To which the jaded among us reply, “I didn’t know he was lost.” And, while that is a snarky response to a happy statement, it rings true. To “find” Jesus is in fact to discover your real self. Jesus has never been lost, you have. God, who has created each of us, has never needed a GPS to keep track of us. Being omniscient and omnipresent has advantages. It is we who are lost and need finding, not because God has lost track, but when we, in our freedom, have become unaware of his presence and purpose in our lives.
It is perhaps best activated in baptism, which is the act of God to indelibly mark you as his child, an act of union to incorporate you into the Body of Christ. It is indicative of how backwards people can get things that they think they have found Jesus, and that baptism is an act they have done to witness for him. In an age of great spiritual hunger, it is sad to see people desperately looking in all the wrong places to find the one who has never left them. It is like a person who searches to find his glasses, only to realize they were on his face the whole time.
How, then, can we help people to gain the awareness of a God who always cares, who always seeks them, who always remembers the day of their baptism into the family, who always seeks to be a part of them through the real presence in the very bread of life offered to them regularly? Suppose the image of the Church was not “Come to us to find Jesus” but rather the image of a church constantly searching for the lost, especially those quite unaware that they are in fact lost, and even less aware of the dangers of their situation. That is the pastoral mandate we are given by our Lord (see, for example Matthew 28:18-19).
The words “pastor” and “pastoral” come from the Latin for “shepherd.” It is the image Jesus uses for himself in the reference above and when he describes himself as “the Good Shepherd” (see John 10:14). In the parable from Luke referenced above, Jesus poignantly emphasizes the importance of each one of the sheep. He does not operate on principles of acceptable losses in the sheep industry. No loss is acceptable, even if great effort must be exerted to search out one sheep in the flock. The likelihood is that the one missing is lost due to his or her own disobedience or foolishness. The ninety-nine who are faithful to the shepherd are perhaps muttering that attention is being paid to someone who is such a pain. The elder brother in the parable of the Prodigal (which follows immediately in Luke 15) speaks for them when he complains about the inequity of it. Nevertheless, that is the compulsion Jesus wishes to share with us.

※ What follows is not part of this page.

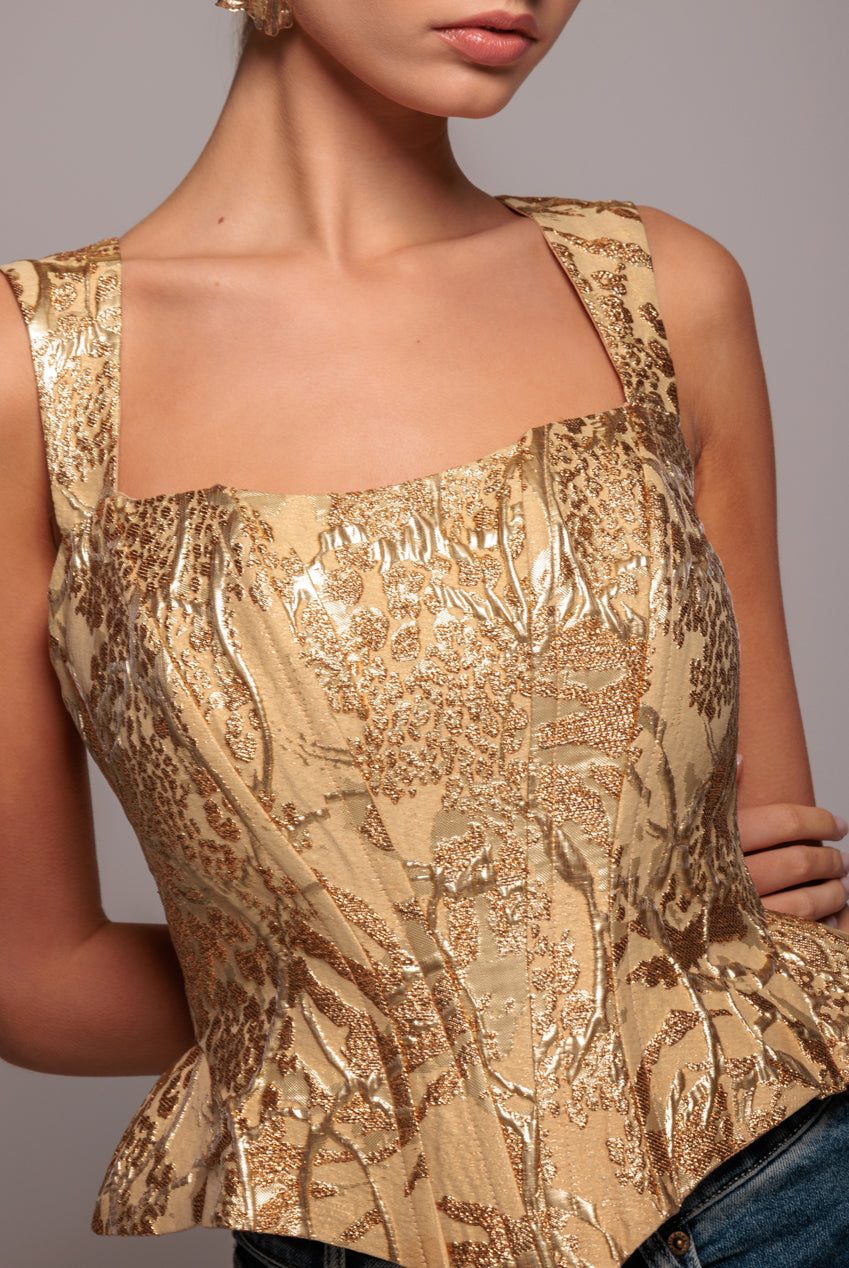 Goddiva Sleeveless Jacquard Lace Up Back Corset - Gold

The pastor today is the Body of Christ. Those within it designated as “pastors” are a crucial part of it, but it is the whole Body which is mandated to be pastoral. Unfortunately, the ratio of wandering lost sheep to the gathered faithful ones is no longer anything like one in ninety-nine, but a far higher number. But the mandate remains the same. Some of the lost are willful and disobedient. But many others are gone because of being hurt by the flock, or are in the state of unawareness mentioned above, because no shepherd has sought them. Remedies have been tried. Evangelistic programs ranging from revivals to circus-like events, to dutifully knocking on doors or standing on corners to ask people if they know Jesus. In thousands of other congregations, all remedies have been rejected. The sheep huddle, and may or may not welcome visitors. They certainly don’t go looking for them. The pastor is expected to care for them, not go off looking for the lost. Nor would they themselves ever think of such a thing.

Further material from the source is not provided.